The impurity, which is described by its coupling to the substrate V(r), has a localization length Limp corresponding to the size of the QD, and drops to zero for |r| Limp. We can therefore reasonably set the corresponding Fourier transform \(\widetilde{V}({\bf{k}})\) constant for momenta k = |k| in the interval [kF − β/Limp, kF + β/Limp], in which β is on the order of one, whereas its concrete value depends on the spatial details of the impurity coupling V(r). In the following order-of-magnitude approximation, we set β = 1. From equation (11), we find that the physics of a spatially extended impurity does not differ from that of a localized impurity if \(\frac{1}{{\omega }^{2}-{{\epsilon }}_{{\bf{k}}}^{2}-{\varDelta }_{{\rm{s}}}^{2}}\ll 1\) at k = kF ± 1/Limp.
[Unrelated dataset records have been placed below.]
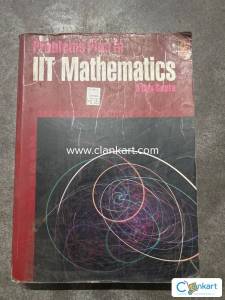 A. DAS GUPTA MATHS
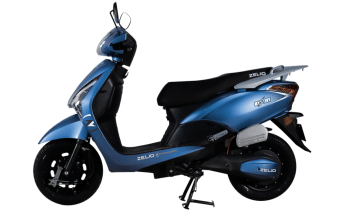 zelio mystery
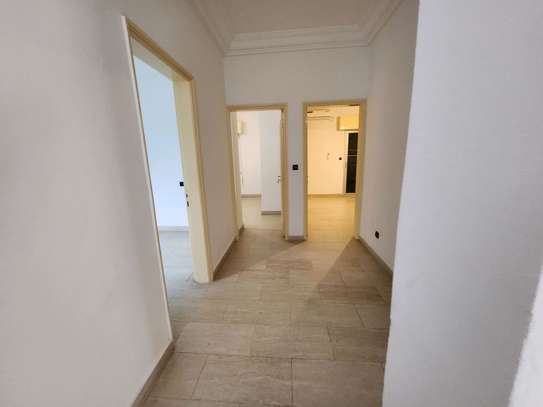 Villa à louer à mermoz image 4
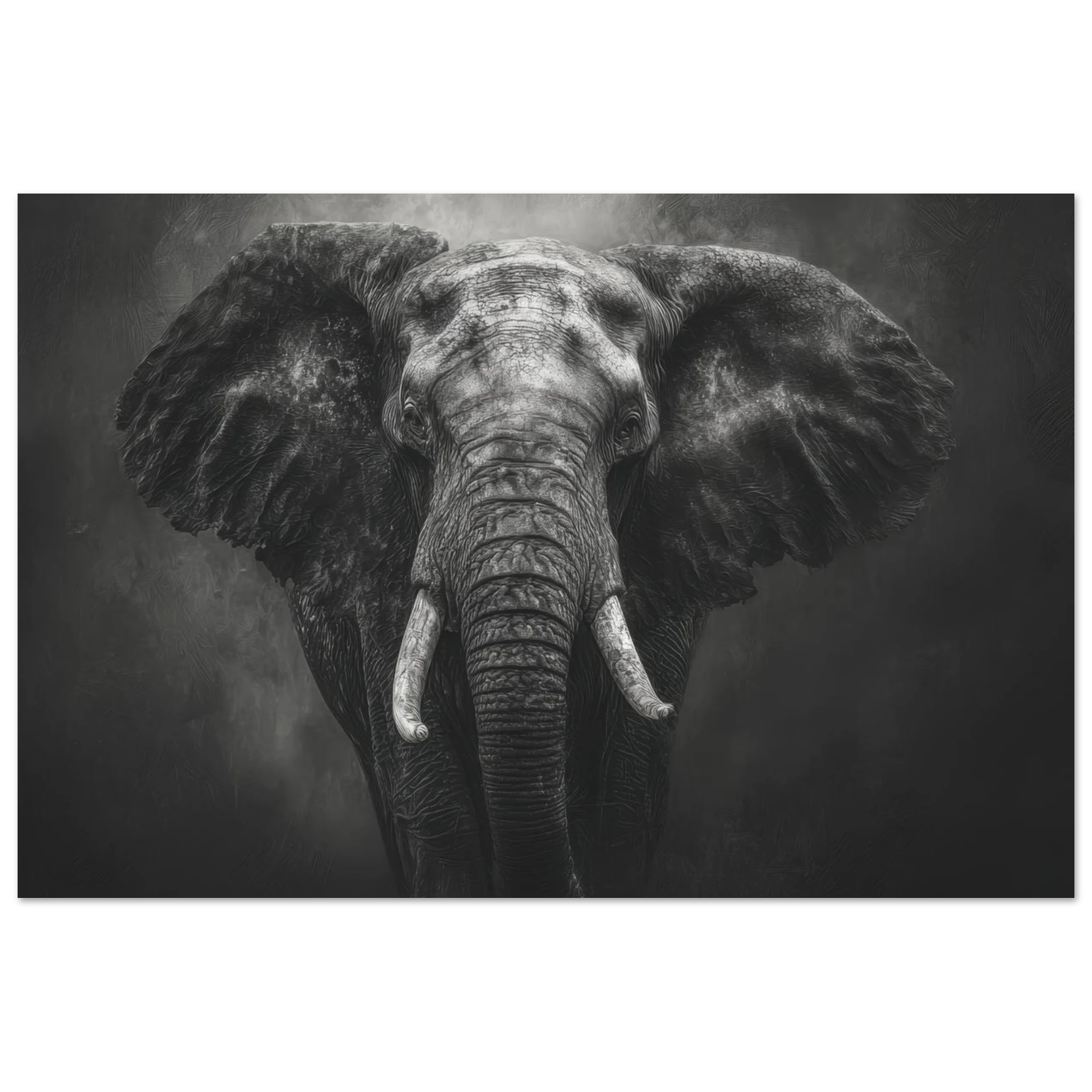 50d802b5-09a1-4a0a-a4e0-809f3f7dc8f9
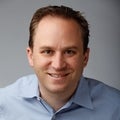 Garrett Thill Real Estate Agent at DMA Real Estate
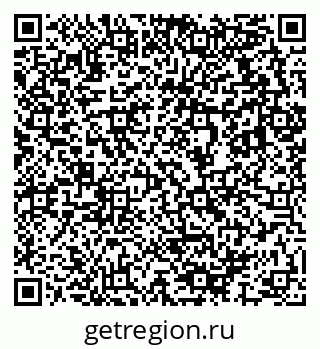 79633817016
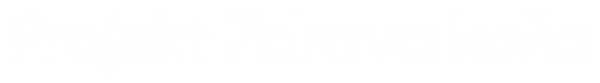 Projekt Zdrava koža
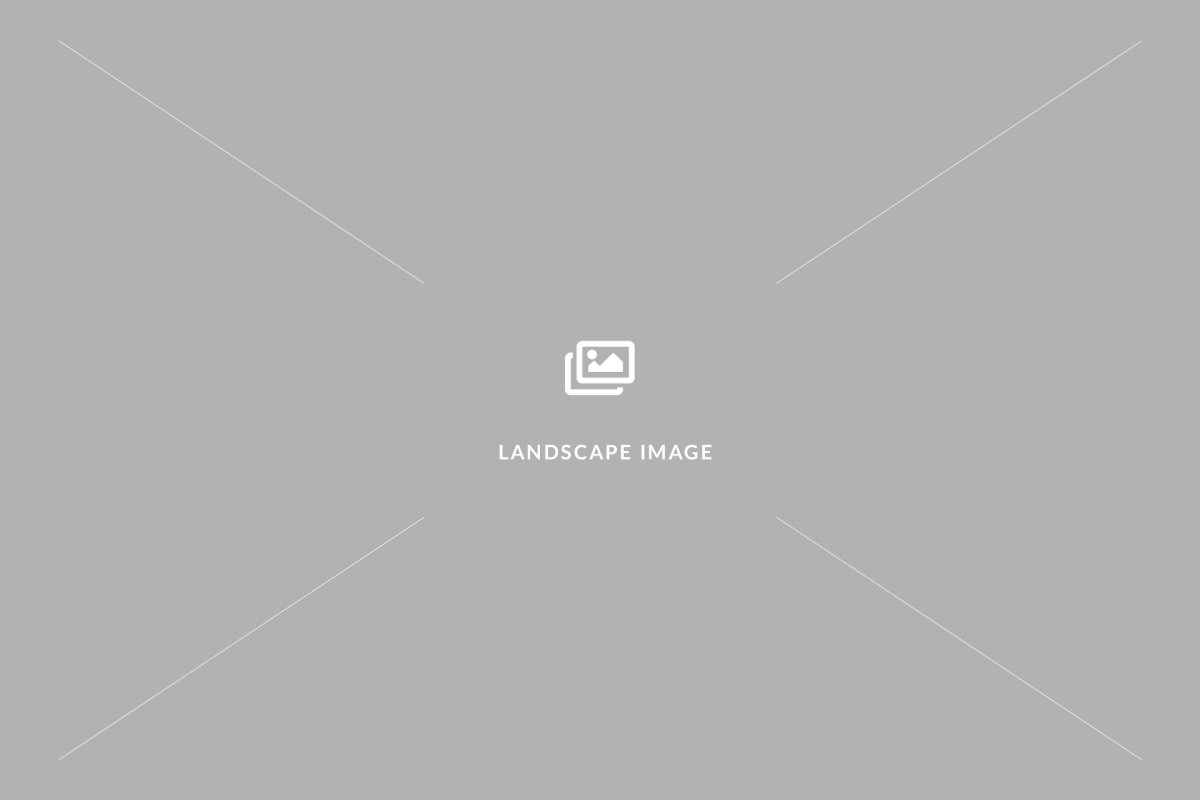 img-placeholder-landscape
Combining the last two formulas, we find that an extended impurity can be considered as localized if ω is within a few Δs from EF, which is the case for the experiment in the main text, and if \(\frac{{v}_{{\rm{F}}}}{{\varDelta }_{{\rm{s}}}}=\xi \gg {L}_{{\rm{imp}}}\), in which ξ = vF/Δs is the proximitized superconducting coherence length in the Ag islands. For Ag, the Fermi velocities range from 0.518 to 1.618 × 106 m s−1 (ref. 59), resulting in ξ = 253 to 789 nm, which is considerably larger than the maximal extent of our QDs reaching Limp = 24 nm. The QD level can therefore be treated as a localized impurity. In this limit, the Green’s function can be written as

$${G}_{{d}_{\sigma },{d}_{\sigma }^{\dagger }}(\omega )=\frac{\omega +{E}_{{\rm{r}}}+\frac{\varGamma \omega }{\sqrt{{\varDelta }_{{\rm{s}}}^{2}-{\omega }^{2}}}}{{\omega }^{2}\,\left(1+\frac{2\varGamma }{\sqrt{{\varDelta }_{{\rm{s}}}^{2}-{\omega }^{2}}}\right)-{E}_{{\rm{r}}}^{2}-{\varGamma }^{2}},$$


in which Γ = πV2D, with D = \({k}_{{\rm{F}}}^{2}W\)/(2π2vF) being the density of states per spin species of the substrate above the critical temperature at EF and W is its volume. The LDOS is given by

$${\rm{L}}{\rm{D}}{\rm{O}}{\rm{S}}(E)=-\frac{2}{{\rm{\pi }}}{\rm{I}}{\rm{m}}\,\left[\frac{\omega +{E}_{{\rm{r}}}+\frac{\varGamma \omega }{\sqrt{{\varDelta }_{{\rm{s}}}^{2}-{\omega }^{2}}}}{{\omega }^{2}\left(1+\frac{2\varGamma }{\sqrt{{\varDelta }_{{\rm{s}}}^{2}-{\omega }^{2}}}\right){-{E}_{{\rm{r}}}}^{2}-{\varGamma }^{2}}\right].$$


We note the emergence of in-gap states as found in ref. 12. The energy ε+ of this in-gap state for a range of values Er and Γ is plotted in Extended Data Figs. 2 and 3. Recently, an LDOS of a localized impurity including further magnetic scattering has been derived60. In contrast to a metallic bath, in which the scattering results in a spectral broadening of the local level, the superconducting bath induces superconductivity by proximity to the local level. Hence, when Er lies within the gap of the superconductor, the state at Er splits into two particle–hole-symmetric ones around EF. Notably, for energy scales Er sufficiently larger than Δs, equation (13) reduces to a typical Lorentzian LDOS of width Γ at position Er, as observed in the experiment.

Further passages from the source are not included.